» ASSIGNED TASK: The material below should be copied line for line, please, with pictures omitted.

*** Opening MATERIAL PROVIDED ***

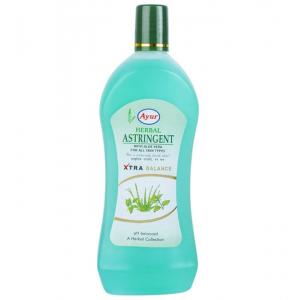 Ayur herbal aloe vera astringent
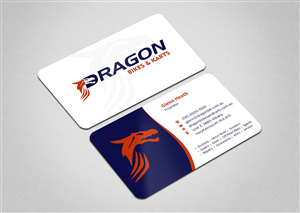 Business Card Design by INDIAN_Ashok for this project | Design: #5812380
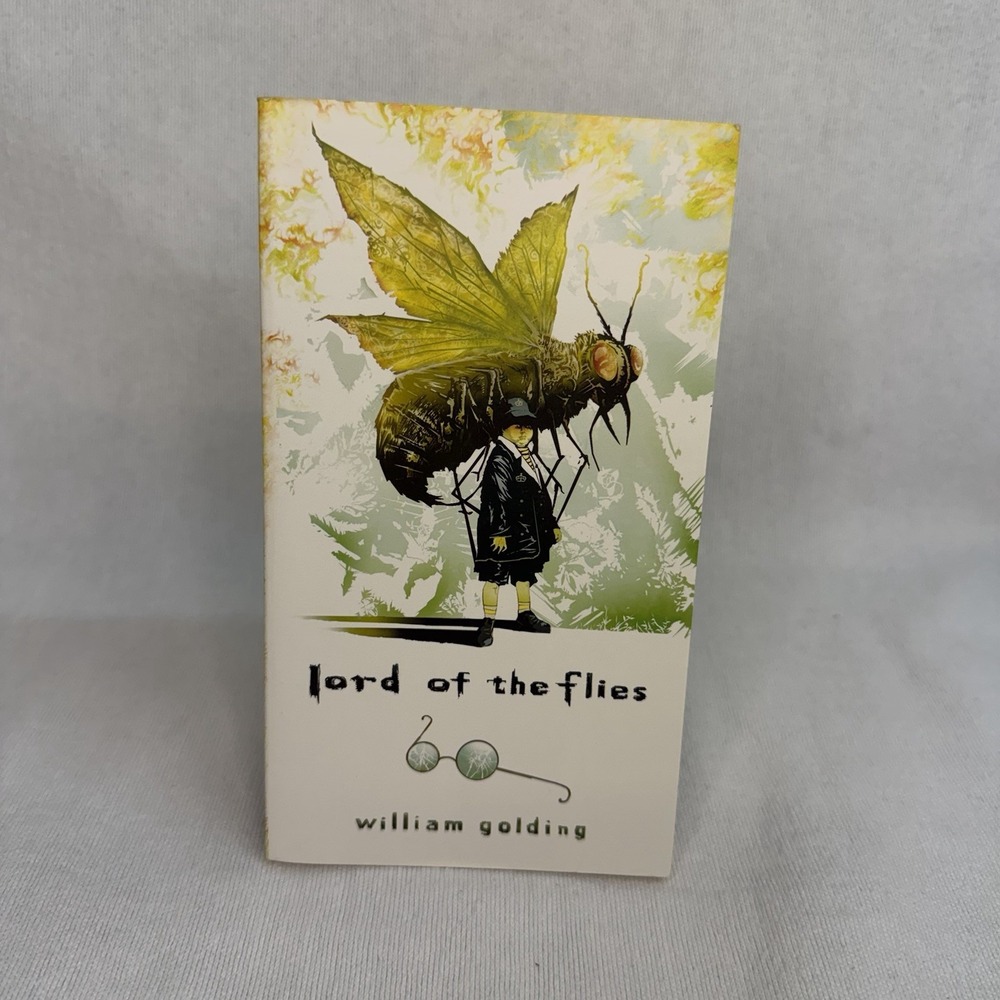 Lord of the Flies William Golding 2003 Classic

*** Closing MATERIAL PROVIDED ***

» TASK OUTPUT:
 Ayur herbal aloe vera astringent
 Business Card Design by INDIAN_Ashok for this project | Design: #5812380
 Lord of the Flies William Golding 2003 Classic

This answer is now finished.